| Record set |
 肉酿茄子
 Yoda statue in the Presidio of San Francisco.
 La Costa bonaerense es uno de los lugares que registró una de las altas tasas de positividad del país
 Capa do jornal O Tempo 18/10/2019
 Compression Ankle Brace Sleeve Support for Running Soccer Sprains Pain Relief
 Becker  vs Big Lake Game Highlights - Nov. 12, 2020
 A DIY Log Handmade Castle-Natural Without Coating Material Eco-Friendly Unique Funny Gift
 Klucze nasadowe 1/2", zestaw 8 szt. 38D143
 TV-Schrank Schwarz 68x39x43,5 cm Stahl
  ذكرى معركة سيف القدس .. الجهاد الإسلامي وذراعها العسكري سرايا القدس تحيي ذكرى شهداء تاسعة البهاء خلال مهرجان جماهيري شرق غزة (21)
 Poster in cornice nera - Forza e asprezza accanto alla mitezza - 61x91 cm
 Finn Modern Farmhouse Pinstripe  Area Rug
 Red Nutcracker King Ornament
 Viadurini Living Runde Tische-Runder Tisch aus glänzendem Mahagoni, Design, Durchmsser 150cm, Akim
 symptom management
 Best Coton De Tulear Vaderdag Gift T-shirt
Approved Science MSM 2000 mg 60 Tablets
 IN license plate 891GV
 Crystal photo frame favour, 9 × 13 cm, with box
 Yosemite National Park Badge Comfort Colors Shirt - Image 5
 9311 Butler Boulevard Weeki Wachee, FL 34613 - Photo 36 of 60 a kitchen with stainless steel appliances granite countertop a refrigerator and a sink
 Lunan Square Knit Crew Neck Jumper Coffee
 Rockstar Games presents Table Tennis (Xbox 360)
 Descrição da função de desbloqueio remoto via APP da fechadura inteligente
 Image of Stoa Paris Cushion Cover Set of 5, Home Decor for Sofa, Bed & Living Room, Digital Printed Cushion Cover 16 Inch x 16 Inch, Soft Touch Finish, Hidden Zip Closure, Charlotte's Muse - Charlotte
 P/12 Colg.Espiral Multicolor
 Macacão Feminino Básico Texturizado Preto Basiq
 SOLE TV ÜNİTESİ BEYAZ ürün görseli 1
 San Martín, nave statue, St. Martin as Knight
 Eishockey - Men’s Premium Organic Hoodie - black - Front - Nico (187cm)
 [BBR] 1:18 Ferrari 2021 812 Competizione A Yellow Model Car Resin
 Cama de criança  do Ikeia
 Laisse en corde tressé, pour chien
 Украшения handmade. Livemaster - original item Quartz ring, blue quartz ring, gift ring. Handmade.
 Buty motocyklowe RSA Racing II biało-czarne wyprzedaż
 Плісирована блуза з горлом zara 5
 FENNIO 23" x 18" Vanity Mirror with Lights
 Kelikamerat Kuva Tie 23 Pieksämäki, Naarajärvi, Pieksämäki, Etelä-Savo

| Problem to work on |
With both ends included, please retype exactly the lines from the line containing "Viadurini Living Runde" to the final line of the data.

| The completed task |
 Viadurini Living Runde Tische-Runder Tisch aus glänzendem Mahagoni, Design, Durchmsser 150cm, Akim
 symptom management
 Best Coton De Tulear Vaderdag Gift T-shirt
Approved Science MSM 2000 mg 60 Tablets
 IN license plate 891GV
 Crystal photo frame favour, 9 × 13 cm, with box
 Yosemite National Park Badge Comfort Colors Shirt - Image 5
 9311 Butler Boulevard Weeki Wachee, FL 34613 - Photo 36 of 60 a kitchen with stainless steel appliances granite countertop a refrigerator and a sink
 Lunan Square Knit Crew Neck Jumper Coffee
 Rockstar Games presents Table Tennis (Xbox 360)
 Descrição da função de desbloqueio remoto via APP da fechadura inteligente
 Image of Stoa Paris Cushion Cover Set of 5, Home Decor for Sofa, Bed & Living Room, Digital Printed Cushion Cover 16 Inch x 16 Inch, Soft Touch Finish, Hidden Zip Closure, Charlotte's Muse - Charlotte
 P/12 Colg.Espiral Multicolor
 Macacão Feminino Básico Texturizado Preto Basiq
 SOLE TV ÜNİTESİ BEYAZ ürün görseli 1
 San Martín, nave statue, St. Martin as Knight
 Eishockey - Men’s Premium Organic Hoodie - black - Front - Nico (187cm)
 [BBR] 1:18 Ferrari 2021 812 Competizione A Yellow Model Car Resin
 Cama de criança  do Ikeia
 Laisse en corde tressé, pour chien
 Украшения handmade. Livemaster - original item Quartz ring, blue quartz ring, gift ring. Handmade.
 Buty motocyklowe RSA Racing II biało-czarne wyprzedaż
 Плісирована блуза з горлом zara 5
 FENNIO 23" x 18" Vanity Mirror with Lights
 Kelikamerat Kuva Tie 23 Pieksämäki, Naarajärvi, Pieksämäki, Etelä-Savo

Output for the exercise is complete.